2-Install old legacy lnb
3-Connect both lnb inputs back to 721
4-Run switch again so the 721 can recognize the proper switch ouput.
5-If this is not done properly...the lnb can be fried within hours.
Just as an fyi for those who may encounter this similar situation.


----------



## jerryyyyy (Jul 19, 2002)

Make sure output from both dishes goes into a 421 switcher and from there into the two inputs in the back of the 721. There is a diagram in the book on this- mine was installed miswired and switches never match on switch check.


----------



## Jacob S (Apr 14, 2002)

How can the lnbf be fried if done improperly? Is Dish going to replace the lnbf if it does get fried? Has anybody ever had a friend lnbf as a result of this yet? How does it get fried?
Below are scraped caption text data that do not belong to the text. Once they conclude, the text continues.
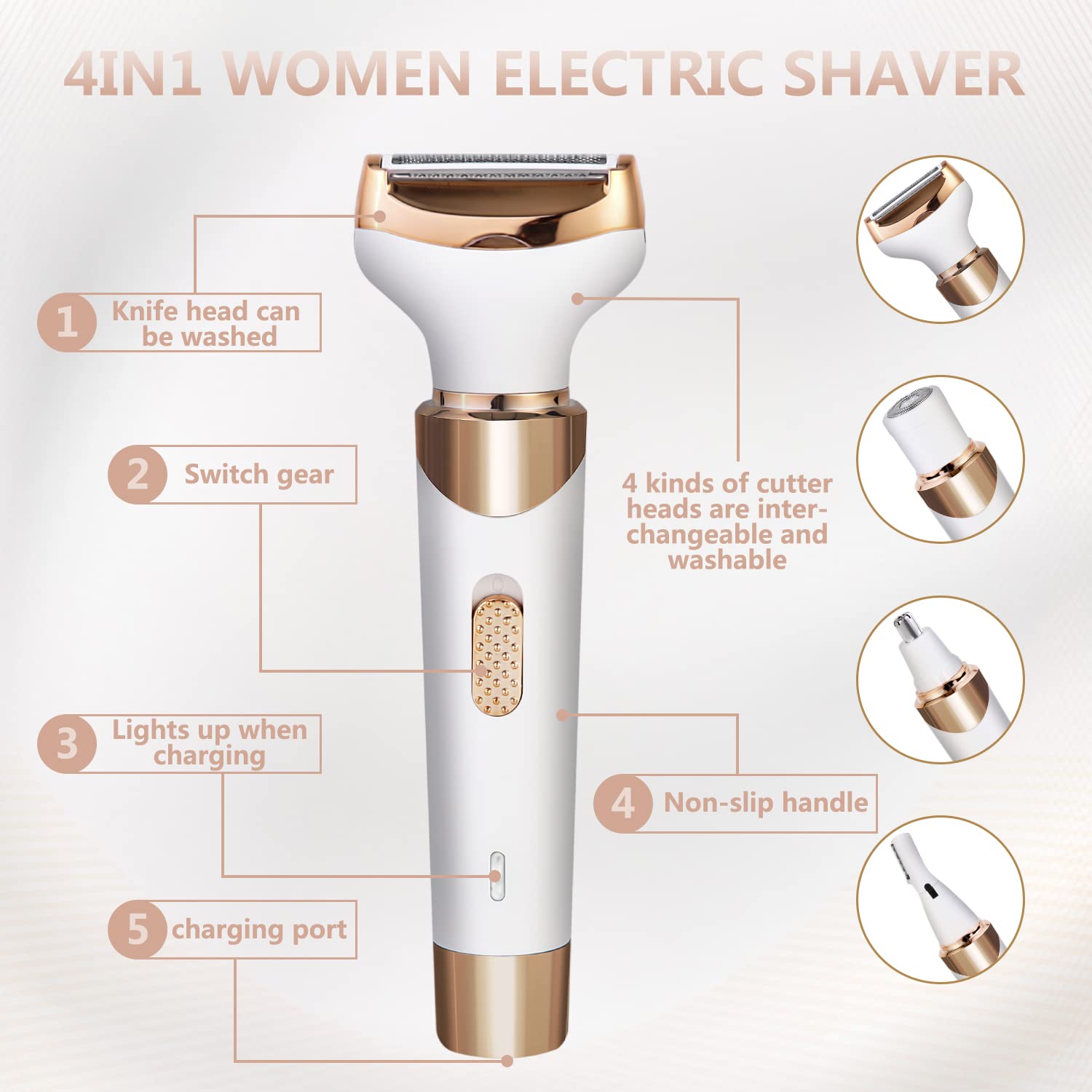 Electric Razor for Women Bikini Trimmer, MKIOVH Women's Cordless Portable 4 in 1 Painless Shaver, for face Legs Brows Nose Detachable Head USB Rechargeable Hair Trimmer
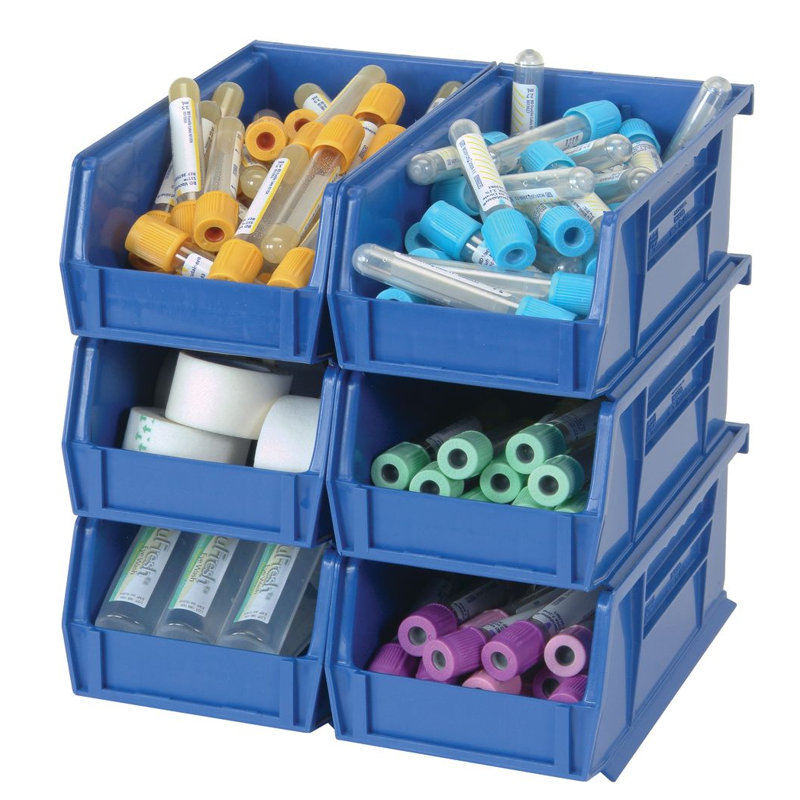  QUS240BL Ensemble de 12 bacs de rangement ultra-résistants empilables et suspendus L 15 po x l 9 po x H 7 po, Blue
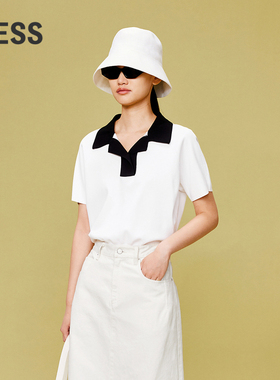 LESS撞色polo领针织衫女翻领加厚通勤宽松正肩短袖上衣2O4314410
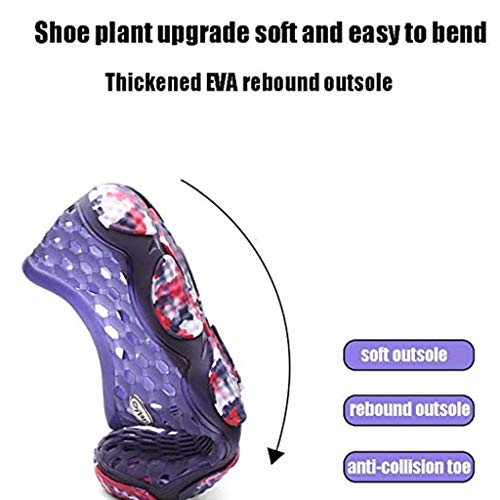 XLanY Ahueca hacia Fuera Los Zapatos del Agua Informal, Calzado Transpirable Zapatillas Pisos Aguas Arriba con Orificios De Desagüe De La Aguamarina Zapatos De Playa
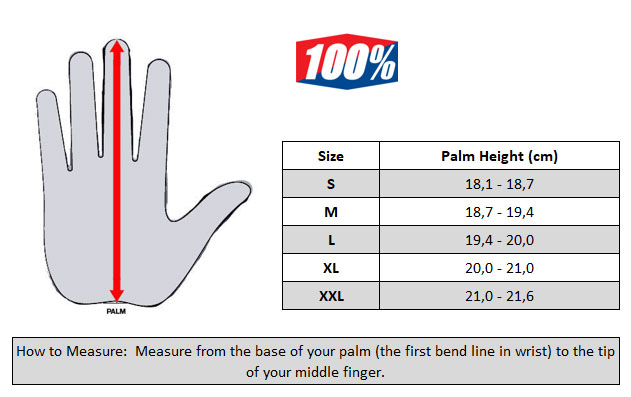 100% Gloves Size Chart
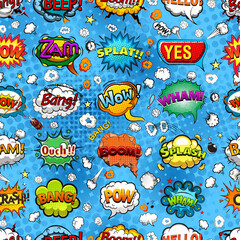 Wall Mural - Comic book style speech bubbles seamless pattern on blue background vector illustration
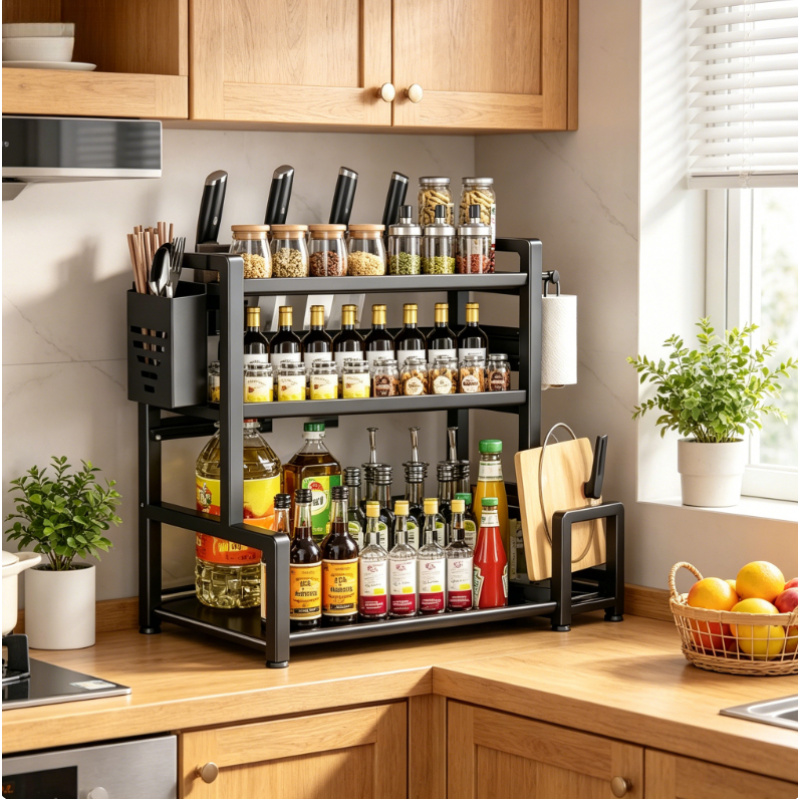 Commercial Kitchen Knife Holder - Küchen-Gewürzregal-Organizer, 3-stufiger Verstellbarer Metall-Organizer mit Messerhalter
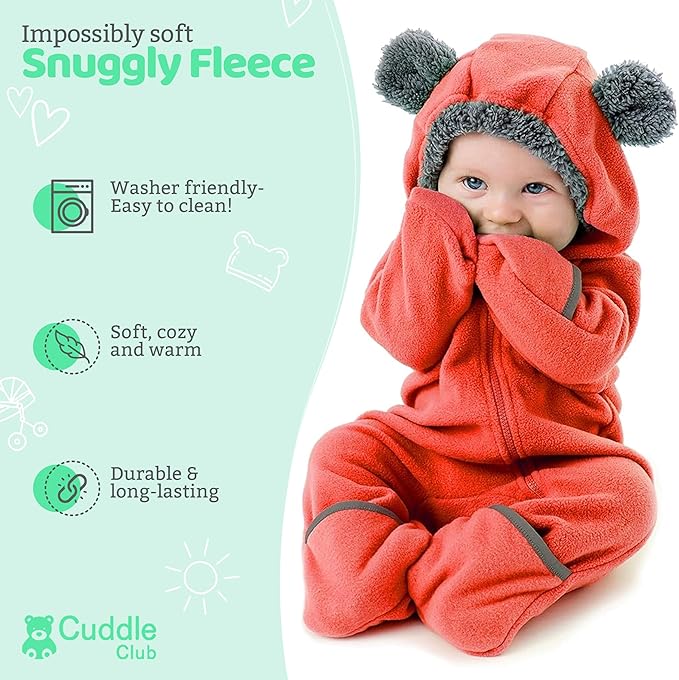 Cuddle Club Fleece Baby Bunting Bodysuit with Hood, Convertible Mittens & Booties, Car Seat Friendly, Soft & Warm, Easy Zip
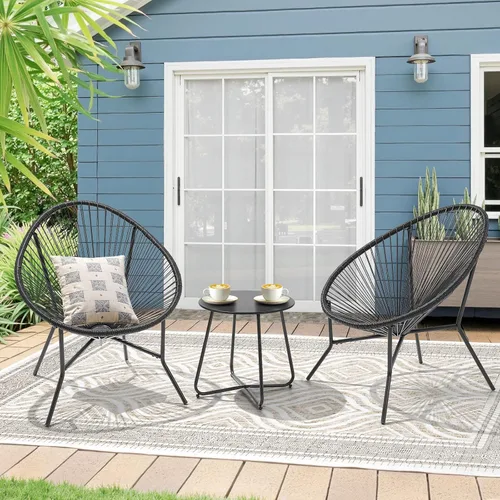 Miniatura 6 de ONBRILL Juego de 3 piezas para patio, sillas Acapulco para exteriores con mesa auxiliar, muebles de ratán PE para todo tipo de clima, para balcón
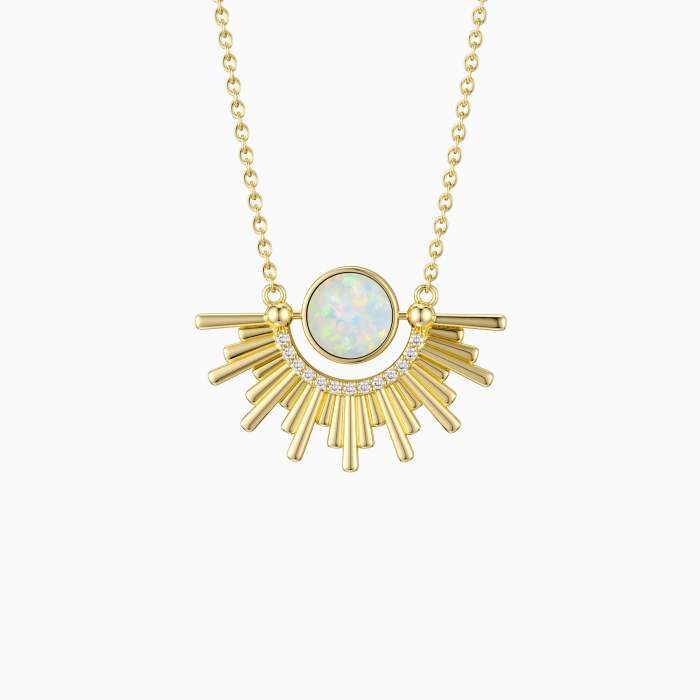 Personalized Sun Opal Necklace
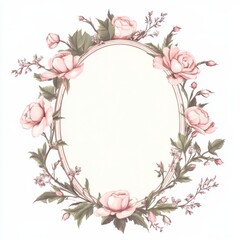 Fototapeta premium Delicate floral garland featuring pink roses and greenery in an oval design suitable for various decorative uses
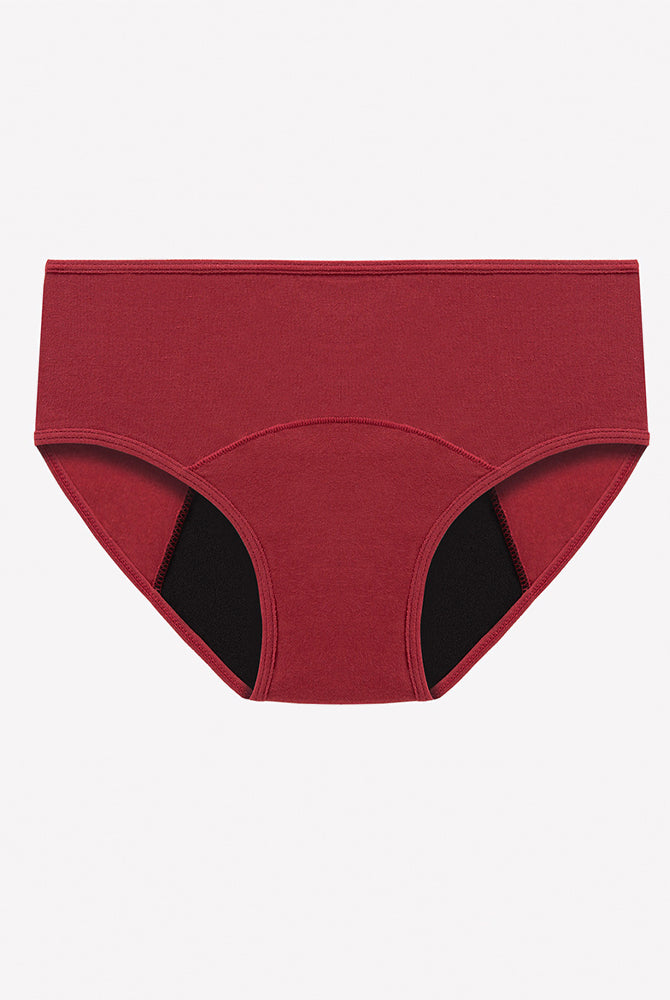 High-waist leakproof period panties, wine red with black inner lining and curved seaming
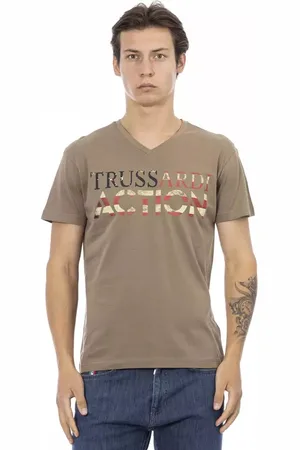 Trussardi Koszulki, Mężczyzna, Beżowy, 2XL, Nowoczesny Brązowy T-shirt męski z dekoltem w serek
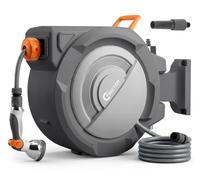 Bietor Retractable Garden Hose Reel, 1/2“ x 30m+2m Upgraded UV Resistant Heavy Duty Wall Mounted Hose Reel with 10 Patterns Nozzle, Any Length Lock, Slow Return System, 180°Swivel Bracket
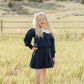 Navy Peter Pan Collar Pleated Skirt Set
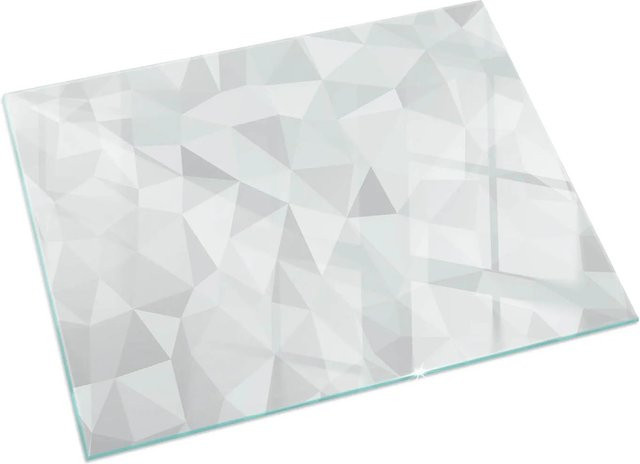 Tulup Glasplatte für Kamin mit abstraktem geometrischem Muster in Grau, B/T: 60 x 40 cm - Bild 1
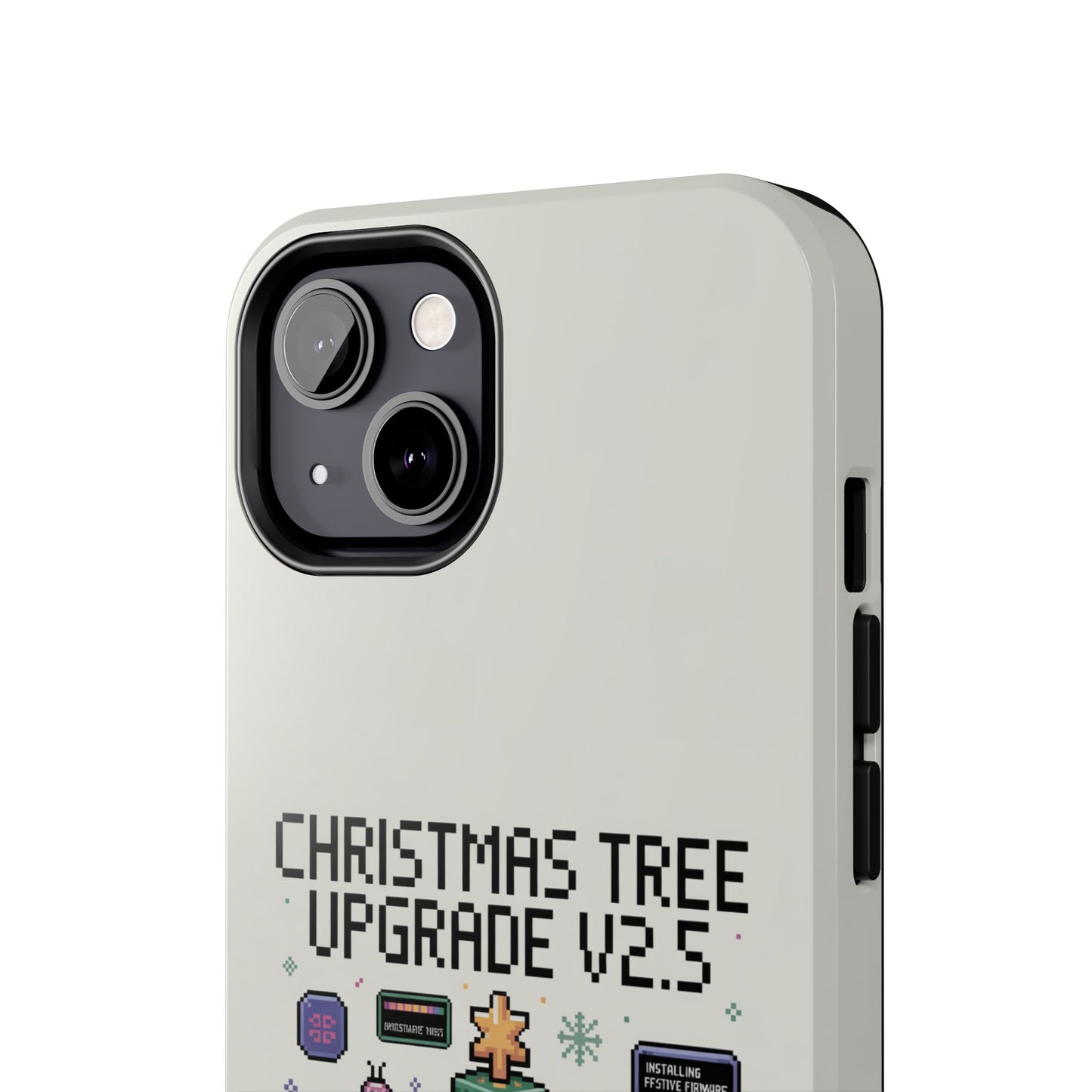 Christmas Tree Upgrade Tough iPhone Case - Pixel Art Design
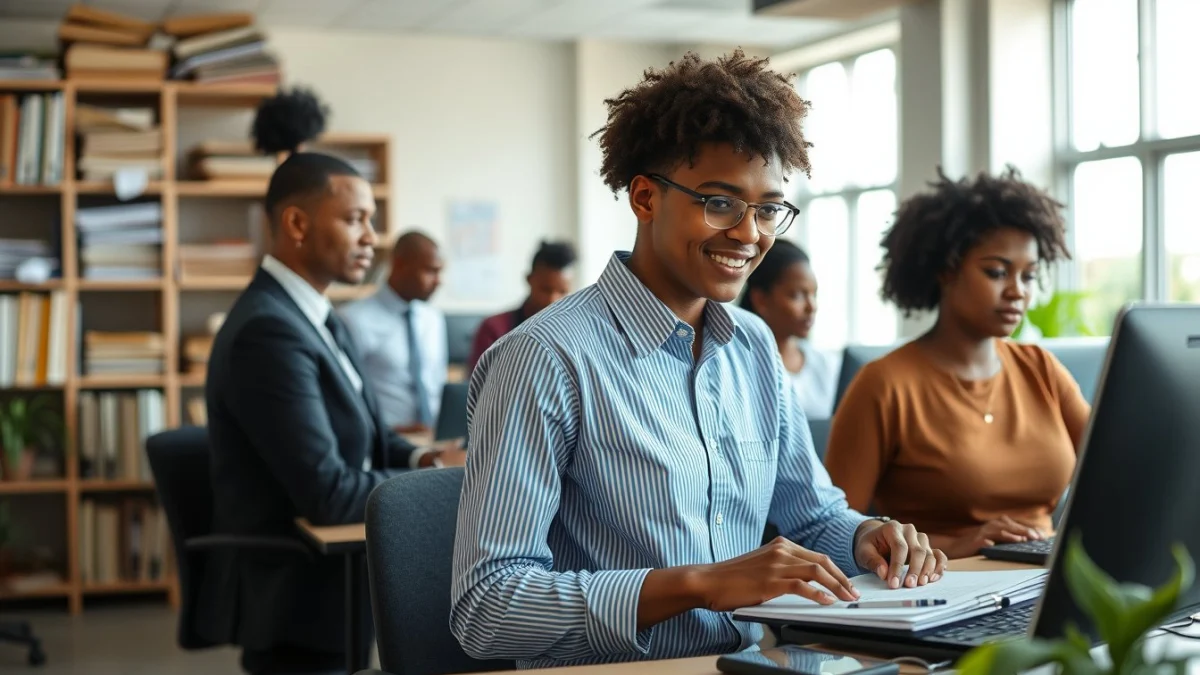 Person learning become an invoicing clerk in south africa in a modern educational setting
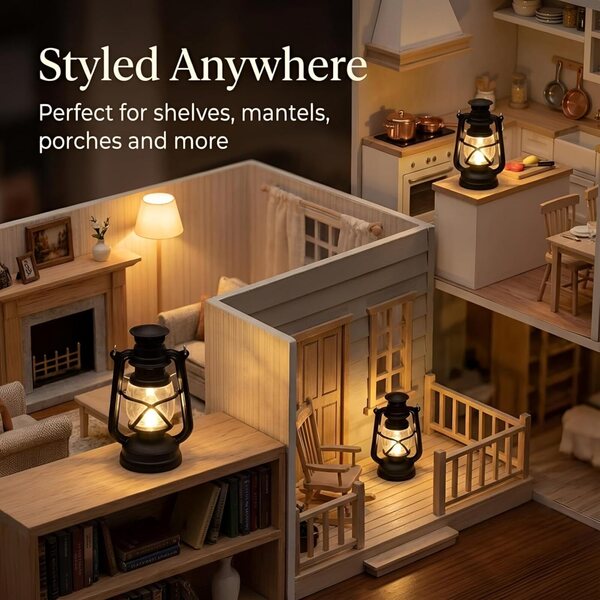 CLISPEED 2 lámparas LED de queroseno retro en miniatura para decoración de escenas, iluminación suave, materiales artesanales para modelos y pantallas en miniatura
I have had the same problem with my receiver but never used the legacy lnbf.


----------



## Guest (Aug 3, 2002)

I too am having major problems with my DP34's and 721. The highest signal I can get on either satellite is about 65. Previously, they were both about 100. Today I replaced the coax cables between the Dual LNB and DP34 with expensive Monster Cables. With these there is NO signal passing. Switched back to the original "regular" cables and I'm back to my lovely 65 signal strength.

How can I know if my LNB is fried? It seems to work, although not well, with regular cables, and not at all with good cables.

I think there are some undiscovered glitches with either the new LNB or DP34 that Dish Network has yet to figure out.

Gb.


----------



## Jacob S (Apr 14, 2002)

Are you using 2200 MHZ wire? Could this be causing the problem?


----------